Records provided:
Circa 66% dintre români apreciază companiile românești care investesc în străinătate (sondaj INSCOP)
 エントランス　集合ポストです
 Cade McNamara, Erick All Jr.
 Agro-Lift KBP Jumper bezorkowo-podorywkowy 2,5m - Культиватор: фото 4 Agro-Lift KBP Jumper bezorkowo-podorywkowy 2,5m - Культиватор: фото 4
* * *
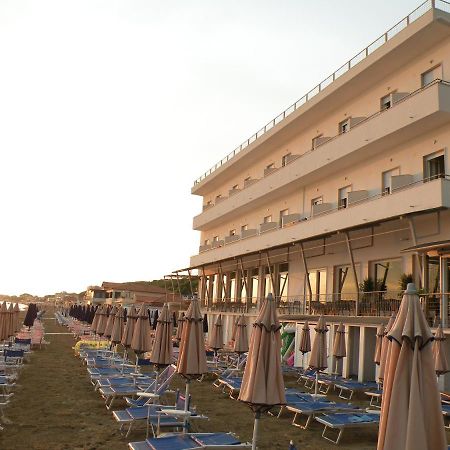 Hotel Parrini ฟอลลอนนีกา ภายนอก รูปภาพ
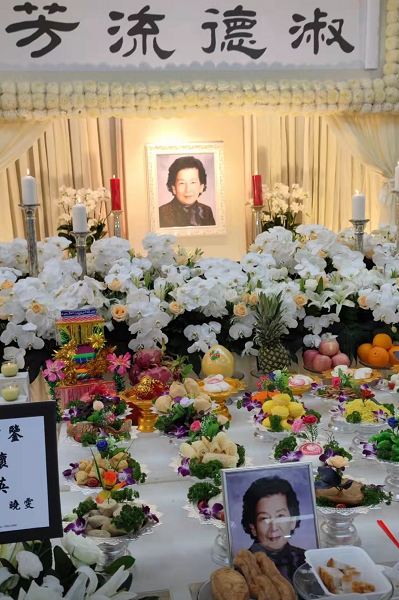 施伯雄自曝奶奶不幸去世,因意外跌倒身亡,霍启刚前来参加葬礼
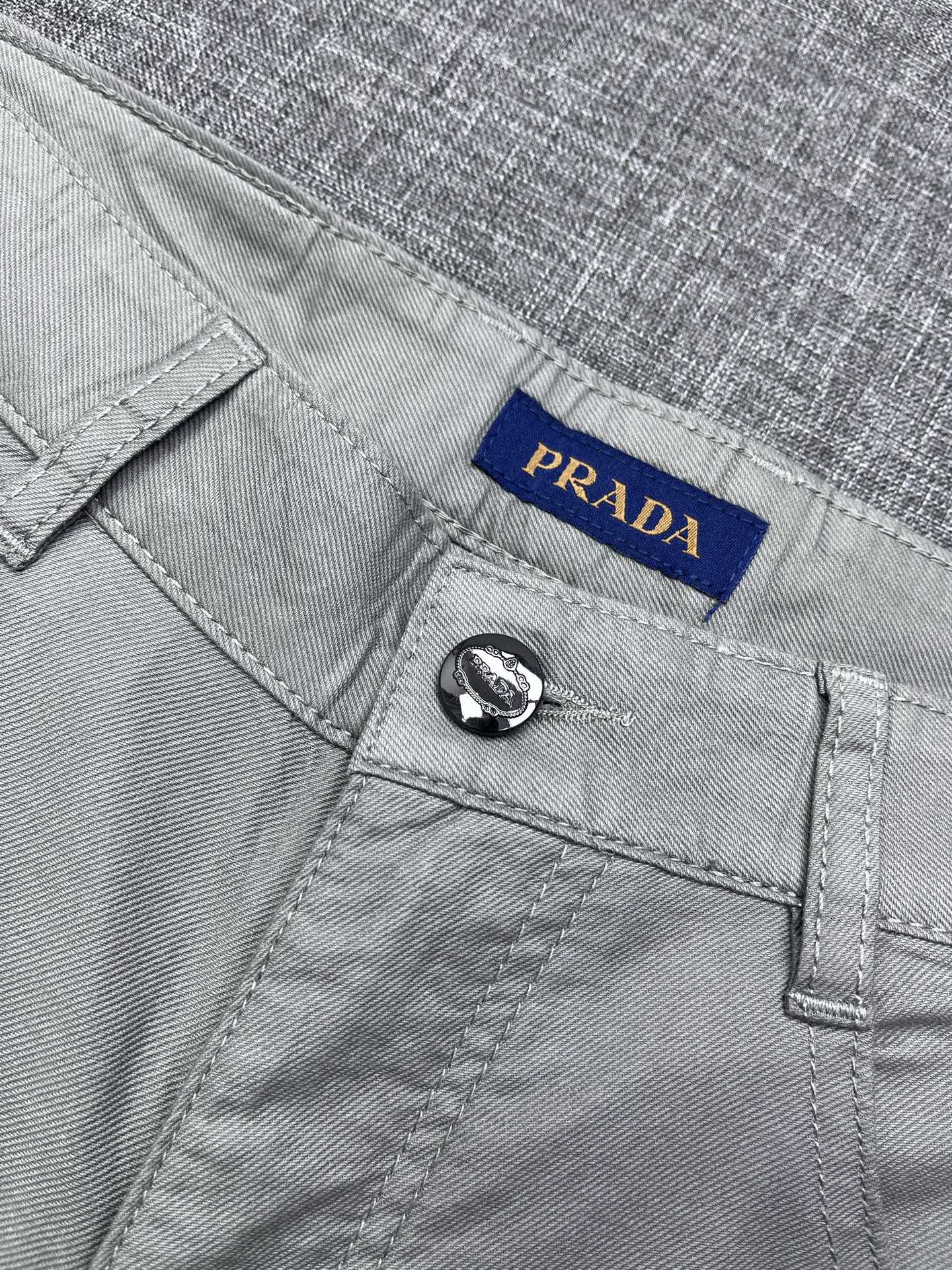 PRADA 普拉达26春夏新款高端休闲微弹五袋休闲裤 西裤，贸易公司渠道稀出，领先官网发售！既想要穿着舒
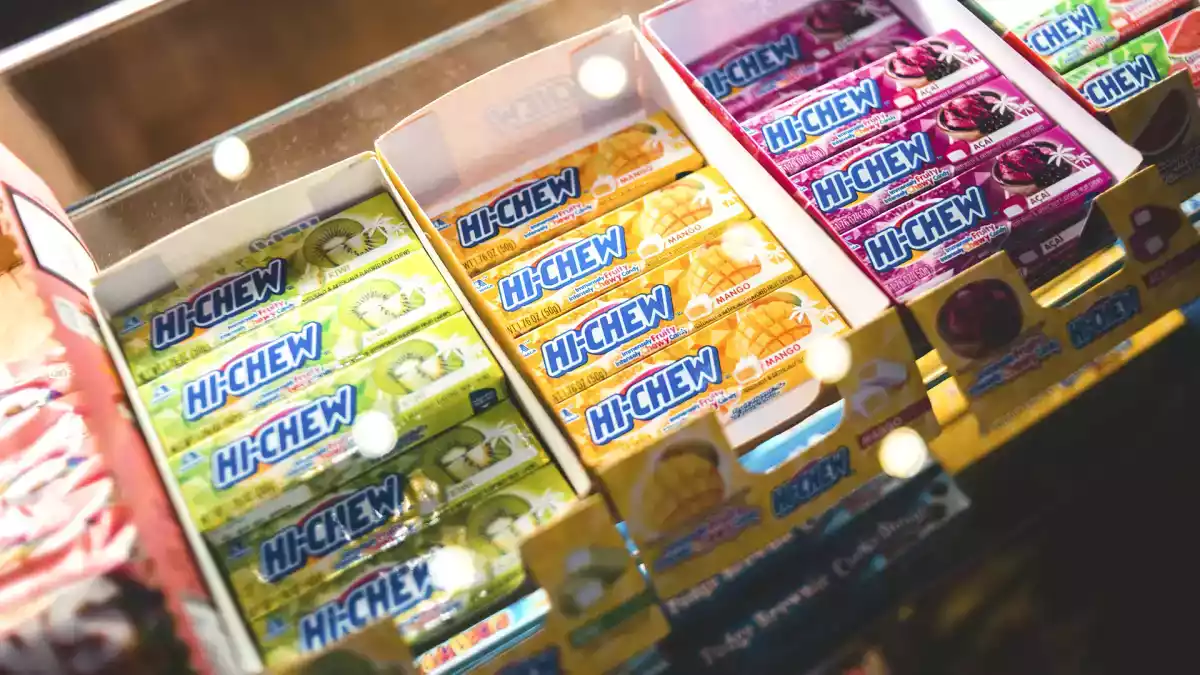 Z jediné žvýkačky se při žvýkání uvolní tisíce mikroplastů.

Prompt: Give back precisely the lines above that start at the line containing "Circa 66% dintre" and end at the line containing "фото 4 Agro-Lift", inclusive. No other lines belong in the output.

Response to the task:
Circa 66% dintre români apreciază companiile românești care investesc în străinătate (sondaj INSCOP)
 エントランス　集合ポストです
 Cade McNamara, Erick All Jr.
 Agro-Lift KBP Jumper bezorkowo-podorywkowy 2,5m - Культиватор: фото 4 Agro-Lift KBP Jumper bezorkowo-podorywkowy 2,5m - Культиватор: фото 4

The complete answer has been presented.